*** Block opens ***

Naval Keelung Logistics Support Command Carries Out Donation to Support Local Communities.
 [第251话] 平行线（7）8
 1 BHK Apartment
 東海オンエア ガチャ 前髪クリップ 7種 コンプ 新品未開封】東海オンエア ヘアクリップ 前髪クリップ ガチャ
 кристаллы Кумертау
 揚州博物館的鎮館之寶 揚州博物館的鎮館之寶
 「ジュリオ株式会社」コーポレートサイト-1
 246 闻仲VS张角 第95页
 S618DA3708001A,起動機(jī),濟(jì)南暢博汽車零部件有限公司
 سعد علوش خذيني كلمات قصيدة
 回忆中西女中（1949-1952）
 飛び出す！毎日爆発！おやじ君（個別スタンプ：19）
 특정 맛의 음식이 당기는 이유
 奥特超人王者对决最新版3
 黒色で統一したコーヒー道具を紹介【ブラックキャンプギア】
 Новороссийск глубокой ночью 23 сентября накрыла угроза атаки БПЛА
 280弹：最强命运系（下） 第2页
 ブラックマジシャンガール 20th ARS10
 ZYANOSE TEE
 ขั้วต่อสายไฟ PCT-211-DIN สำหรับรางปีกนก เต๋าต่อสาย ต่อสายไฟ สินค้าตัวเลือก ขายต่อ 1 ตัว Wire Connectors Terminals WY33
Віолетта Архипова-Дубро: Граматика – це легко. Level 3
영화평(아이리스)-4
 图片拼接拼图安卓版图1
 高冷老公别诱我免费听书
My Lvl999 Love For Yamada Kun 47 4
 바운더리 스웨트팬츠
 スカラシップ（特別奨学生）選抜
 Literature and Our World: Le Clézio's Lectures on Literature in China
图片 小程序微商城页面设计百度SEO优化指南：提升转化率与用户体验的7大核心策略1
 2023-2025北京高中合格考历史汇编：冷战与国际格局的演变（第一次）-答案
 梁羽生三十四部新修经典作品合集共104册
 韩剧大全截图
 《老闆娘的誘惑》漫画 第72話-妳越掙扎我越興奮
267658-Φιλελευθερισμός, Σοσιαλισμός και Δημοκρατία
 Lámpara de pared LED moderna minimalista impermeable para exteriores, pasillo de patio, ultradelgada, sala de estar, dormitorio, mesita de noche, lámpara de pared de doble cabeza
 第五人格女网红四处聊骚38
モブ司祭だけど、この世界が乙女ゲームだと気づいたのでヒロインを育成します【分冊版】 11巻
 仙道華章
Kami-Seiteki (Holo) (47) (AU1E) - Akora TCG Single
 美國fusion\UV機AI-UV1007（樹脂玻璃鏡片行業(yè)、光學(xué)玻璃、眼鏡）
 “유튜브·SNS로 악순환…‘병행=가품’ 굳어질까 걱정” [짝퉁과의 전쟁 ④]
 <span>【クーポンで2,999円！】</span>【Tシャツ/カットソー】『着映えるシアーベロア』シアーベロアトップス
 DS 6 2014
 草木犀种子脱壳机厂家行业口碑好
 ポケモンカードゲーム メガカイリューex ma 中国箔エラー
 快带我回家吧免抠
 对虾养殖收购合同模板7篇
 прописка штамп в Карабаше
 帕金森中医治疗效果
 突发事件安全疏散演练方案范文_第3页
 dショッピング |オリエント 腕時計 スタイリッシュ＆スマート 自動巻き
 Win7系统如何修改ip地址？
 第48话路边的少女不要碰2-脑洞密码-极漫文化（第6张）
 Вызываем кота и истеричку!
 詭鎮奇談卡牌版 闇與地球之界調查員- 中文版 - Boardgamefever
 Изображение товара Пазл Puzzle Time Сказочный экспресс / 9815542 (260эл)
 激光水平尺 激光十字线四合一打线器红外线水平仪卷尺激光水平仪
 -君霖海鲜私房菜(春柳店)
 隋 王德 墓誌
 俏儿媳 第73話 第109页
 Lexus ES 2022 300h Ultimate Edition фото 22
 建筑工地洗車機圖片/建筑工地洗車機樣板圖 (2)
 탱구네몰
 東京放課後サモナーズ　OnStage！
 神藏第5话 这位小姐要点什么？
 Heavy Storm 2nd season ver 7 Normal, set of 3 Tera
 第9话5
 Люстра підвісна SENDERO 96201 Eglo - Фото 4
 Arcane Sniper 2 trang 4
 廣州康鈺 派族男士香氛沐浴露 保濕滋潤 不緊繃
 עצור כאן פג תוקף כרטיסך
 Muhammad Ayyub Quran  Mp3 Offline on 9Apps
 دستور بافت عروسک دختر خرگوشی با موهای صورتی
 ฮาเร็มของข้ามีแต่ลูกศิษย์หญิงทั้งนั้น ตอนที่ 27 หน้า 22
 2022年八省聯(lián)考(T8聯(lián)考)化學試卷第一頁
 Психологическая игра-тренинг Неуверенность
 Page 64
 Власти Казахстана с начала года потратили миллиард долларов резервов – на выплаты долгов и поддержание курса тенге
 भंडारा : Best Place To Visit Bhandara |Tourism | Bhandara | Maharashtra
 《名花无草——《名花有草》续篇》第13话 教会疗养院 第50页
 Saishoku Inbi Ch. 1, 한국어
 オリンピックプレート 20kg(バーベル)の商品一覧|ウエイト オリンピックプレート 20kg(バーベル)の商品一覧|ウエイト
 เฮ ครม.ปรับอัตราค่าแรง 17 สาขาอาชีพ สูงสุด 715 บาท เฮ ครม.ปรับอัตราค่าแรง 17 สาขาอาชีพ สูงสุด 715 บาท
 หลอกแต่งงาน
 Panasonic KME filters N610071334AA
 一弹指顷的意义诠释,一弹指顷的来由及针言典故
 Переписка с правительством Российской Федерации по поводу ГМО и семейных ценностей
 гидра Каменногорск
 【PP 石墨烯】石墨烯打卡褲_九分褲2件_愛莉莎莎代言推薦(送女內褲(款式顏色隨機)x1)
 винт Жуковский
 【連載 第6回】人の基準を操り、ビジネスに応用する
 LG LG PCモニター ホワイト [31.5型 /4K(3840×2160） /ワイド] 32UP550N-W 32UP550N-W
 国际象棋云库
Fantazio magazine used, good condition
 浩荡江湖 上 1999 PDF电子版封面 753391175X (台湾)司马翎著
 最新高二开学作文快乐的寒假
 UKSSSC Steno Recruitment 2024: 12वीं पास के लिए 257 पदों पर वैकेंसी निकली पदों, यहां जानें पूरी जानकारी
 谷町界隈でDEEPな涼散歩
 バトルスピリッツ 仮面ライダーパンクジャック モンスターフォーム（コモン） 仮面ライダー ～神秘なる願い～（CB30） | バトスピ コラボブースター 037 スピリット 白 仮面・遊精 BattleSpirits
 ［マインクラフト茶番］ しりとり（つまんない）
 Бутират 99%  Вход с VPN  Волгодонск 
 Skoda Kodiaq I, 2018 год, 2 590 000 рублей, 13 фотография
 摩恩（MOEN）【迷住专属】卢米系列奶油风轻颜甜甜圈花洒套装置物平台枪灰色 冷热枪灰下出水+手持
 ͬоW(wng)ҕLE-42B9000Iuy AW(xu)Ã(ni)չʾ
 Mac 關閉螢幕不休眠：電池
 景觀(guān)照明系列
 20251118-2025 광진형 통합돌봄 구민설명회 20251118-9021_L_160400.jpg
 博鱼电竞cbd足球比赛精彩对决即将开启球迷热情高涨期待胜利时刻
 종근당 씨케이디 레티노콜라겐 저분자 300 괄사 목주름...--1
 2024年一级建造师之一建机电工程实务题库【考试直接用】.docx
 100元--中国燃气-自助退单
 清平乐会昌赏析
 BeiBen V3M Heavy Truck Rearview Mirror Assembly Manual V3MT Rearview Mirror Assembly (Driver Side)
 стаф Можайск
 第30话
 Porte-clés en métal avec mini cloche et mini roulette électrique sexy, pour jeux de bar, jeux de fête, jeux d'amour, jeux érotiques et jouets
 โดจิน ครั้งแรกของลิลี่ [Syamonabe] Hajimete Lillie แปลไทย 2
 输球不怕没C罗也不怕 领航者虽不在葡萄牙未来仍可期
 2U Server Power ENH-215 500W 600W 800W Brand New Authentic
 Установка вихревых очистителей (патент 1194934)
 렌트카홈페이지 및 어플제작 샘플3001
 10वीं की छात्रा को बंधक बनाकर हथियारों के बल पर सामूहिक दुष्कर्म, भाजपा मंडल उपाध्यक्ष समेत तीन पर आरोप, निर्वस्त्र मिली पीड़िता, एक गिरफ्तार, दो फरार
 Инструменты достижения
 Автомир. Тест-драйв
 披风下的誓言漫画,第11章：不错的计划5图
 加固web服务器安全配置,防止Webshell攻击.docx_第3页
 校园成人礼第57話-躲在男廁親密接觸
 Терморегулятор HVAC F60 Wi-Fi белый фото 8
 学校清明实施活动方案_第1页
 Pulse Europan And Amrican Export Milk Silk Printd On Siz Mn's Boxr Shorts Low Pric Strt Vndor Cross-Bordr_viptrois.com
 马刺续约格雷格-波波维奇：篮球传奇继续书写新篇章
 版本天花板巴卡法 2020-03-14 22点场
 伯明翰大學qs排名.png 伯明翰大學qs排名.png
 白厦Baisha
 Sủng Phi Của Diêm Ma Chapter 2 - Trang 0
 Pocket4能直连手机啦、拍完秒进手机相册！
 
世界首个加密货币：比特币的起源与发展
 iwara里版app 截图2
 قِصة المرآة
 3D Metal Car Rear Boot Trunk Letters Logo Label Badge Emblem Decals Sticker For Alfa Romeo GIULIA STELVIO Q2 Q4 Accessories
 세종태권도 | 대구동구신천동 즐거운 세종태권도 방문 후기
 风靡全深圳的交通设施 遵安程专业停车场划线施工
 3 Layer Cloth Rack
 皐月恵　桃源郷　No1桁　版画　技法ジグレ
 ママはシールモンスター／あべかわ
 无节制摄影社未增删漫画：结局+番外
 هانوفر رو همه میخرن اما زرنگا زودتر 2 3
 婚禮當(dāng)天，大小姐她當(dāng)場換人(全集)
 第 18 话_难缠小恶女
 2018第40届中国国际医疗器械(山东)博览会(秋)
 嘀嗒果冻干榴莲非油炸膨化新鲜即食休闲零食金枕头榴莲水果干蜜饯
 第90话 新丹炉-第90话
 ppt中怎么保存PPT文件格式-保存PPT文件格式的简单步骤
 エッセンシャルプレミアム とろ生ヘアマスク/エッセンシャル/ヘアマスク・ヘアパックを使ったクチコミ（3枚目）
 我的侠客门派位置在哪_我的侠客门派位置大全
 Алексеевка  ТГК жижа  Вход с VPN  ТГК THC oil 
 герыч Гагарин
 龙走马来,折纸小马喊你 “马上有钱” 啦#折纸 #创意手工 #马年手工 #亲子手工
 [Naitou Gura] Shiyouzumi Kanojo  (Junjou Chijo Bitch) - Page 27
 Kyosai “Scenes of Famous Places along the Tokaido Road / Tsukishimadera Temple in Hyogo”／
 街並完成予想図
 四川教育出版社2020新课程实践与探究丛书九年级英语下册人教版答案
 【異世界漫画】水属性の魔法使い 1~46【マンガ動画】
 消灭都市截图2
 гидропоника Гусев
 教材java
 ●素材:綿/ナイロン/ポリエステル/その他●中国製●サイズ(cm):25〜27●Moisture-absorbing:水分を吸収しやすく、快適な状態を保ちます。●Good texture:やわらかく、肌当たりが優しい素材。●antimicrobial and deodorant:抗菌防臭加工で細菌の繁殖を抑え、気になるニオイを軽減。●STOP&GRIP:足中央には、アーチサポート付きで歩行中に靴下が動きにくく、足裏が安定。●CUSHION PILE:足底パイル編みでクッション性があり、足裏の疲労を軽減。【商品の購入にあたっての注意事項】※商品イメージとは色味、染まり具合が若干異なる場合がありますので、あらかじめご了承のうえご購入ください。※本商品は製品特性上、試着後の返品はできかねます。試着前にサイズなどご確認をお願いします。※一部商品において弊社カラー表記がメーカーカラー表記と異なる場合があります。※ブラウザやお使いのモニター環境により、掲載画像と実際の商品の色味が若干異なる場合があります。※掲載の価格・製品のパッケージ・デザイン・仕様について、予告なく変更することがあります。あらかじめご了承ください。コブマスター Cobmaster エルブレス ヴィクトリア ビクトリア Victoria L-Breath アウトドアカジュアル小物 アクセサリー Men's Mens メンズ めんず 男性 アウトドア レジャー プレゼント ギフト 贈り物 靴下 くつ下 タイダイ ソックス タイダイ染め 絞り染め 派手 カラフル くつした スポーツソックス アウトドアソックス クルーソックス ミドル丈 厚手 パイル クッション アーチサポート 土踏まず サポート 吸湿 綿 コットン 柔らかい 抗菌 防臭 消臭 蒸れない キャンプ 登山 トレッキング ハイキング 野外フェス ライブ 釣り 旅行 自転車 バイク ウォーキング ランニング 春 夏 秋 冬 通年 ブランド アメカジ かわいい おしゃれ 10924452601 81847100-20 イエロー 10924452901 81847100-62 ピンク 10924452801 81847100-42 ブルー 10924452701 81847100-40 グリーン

*** Block closes ***

Write out exactly the lines above between the line with "винт Жуковский" and the line with "谷町界隈でDEEPな涼散歩", inclusive, and nothing beyond them.

 винт Жуковский
 【連載 第6回】人の基準を操り、ビジネスに応用する
 LG LG PCモニター ホワイト [31.5型 /4K(3840×2160） /ワイド] 32UP550N-W 32UP550N-W
 国际象棋云库
Fantazio magazine used, good condition
 浩荡江湖 上 1999 PDF电子版封面 753391175X (台湾)司马翎著
 最新高二开学作文快乐的寒假
 UKSSSC Steno Recruitment 2024: 12वीं पास के लिए 257 पदों पर वैकेंसी निकली पदों, यहां जानें पूरी जानकारी
 谷町界隈でDEEPな涼散歩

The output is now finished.